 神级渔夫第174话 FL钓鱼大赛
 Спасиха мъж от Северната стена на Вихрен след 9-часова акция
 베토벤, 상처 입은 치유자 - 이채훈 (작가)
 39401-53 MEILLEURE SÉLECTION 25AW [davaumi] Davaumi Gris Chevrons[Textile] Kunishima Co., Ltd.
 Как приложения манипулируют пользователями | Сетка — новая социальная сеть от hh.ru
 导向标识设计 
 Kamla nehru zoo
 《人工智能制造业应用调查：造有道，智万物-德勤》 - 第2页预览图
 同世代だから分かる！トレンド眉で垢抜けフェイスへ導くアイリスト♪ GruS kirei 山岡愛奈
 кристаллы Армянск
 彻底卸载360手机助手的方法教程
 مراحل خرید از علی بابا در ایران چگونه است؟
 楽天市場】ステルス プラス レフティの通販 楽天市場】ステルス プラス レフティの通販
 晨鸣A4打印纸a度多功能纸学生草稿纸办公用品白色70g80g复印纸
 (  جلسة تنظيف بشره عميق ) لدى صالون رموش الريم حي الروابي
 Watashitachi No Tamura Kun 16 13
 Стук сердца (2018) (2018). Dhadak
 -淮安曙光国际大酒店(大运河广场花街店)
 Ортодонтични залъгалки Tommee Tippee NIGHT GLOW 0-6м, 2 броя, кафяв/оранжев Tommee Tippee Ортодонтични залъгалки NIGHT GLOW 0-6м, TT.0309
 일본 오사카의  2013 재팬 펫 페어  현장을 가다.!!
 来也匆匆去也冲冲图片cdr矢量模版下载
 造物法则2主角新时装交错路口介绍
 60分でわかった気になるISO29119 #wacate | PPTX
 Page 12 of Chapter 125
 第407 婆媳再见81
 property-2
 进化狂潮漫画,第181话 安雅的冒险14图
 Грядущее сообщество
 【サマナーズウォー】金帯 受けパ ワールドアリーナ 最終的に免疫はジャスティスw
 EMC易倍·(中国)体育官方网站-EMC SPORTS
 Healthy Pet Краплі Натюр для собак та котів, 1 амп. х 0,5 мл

To do
Every entry, from the first line to the last, should be retyped exactly.

Task answer
 神级渔夫第174话 FL钓鱼大赛
 Спасиха мъж от Северната стена на Вихрен след 9-часова акция
 베토벤, 상처 입은 치유자 - 이채훈 (작가)
 39401-53 MEILLEURE SÉLECTION 25AW [davaumi] Davaumi Gris Chevrons[Textile] Kunishima Co., Ltd.
 Как приложения манипулируют пользователями | Сетка — новая социальная сеть от hh.ru
 导向标识设计 
 Kamla nehru zoo
 《人工智能制造业应用调查：造有道，智万物-德勤》 - 第2页预览图
 同世代だから分かる！トレンド眉で垢抜けフェイスへ導くアイリスト♪ GruS kirei 山岡愛奈
 кристаллы Армянск
 彻底卸载360手机助手的方法教程
 مراحل خرید از علی بابا در ایران چگونه است؟
 楽天市場】ステルス プラス レフティの通販 楽天市場】ステルス プラス レフティの通販
 晨鸣A4打印纸a度多功能纸学生草稿纸办公用品白色70g80g复印纸
 (  جلسة تنظيف بشره عميق ) لدى صالون رموش الريم حي الروابي
 Watashitachi No Tamura Kun 16 13
 Стук сердца (2018) (2018). Dhadak
 -淮安曙光国际大酒店(大运河广场花街店)
 Ортодонтични залъгалки Tommee Tippee NIGHT GLOW 0-6м, 2 броя, кафяв/оранжев Tommee Tippee Ортодонтични залъгалки NIGHT GLOW 0-6м, TT.0309
 일본 오사카의  2013 재팬 펫 페어  현장을 가다.!!
 来也匆匆去也冲冲图片cdr矢量模版下载
 造物法则2主角新时装交错路口介绍
 60分でわかった気になるISO29119 #wacate | PPTX
 Page 12 of Chapter 125
 第407 婆媳再见81
 property-2
 进化狂潮漫画,第181话 安雅的冒险14图
 Грядущее сообщество
 【サマナーズウォー】金帯 受けパ ワールドアリーナ 最終的に免疫はジャスティスw
 EMC易倍·(中国)体育官方网站-EMC SPORTS
 Healthy Pet Краплі Натюр для собак та котів, 1 амп. х 0,5 мл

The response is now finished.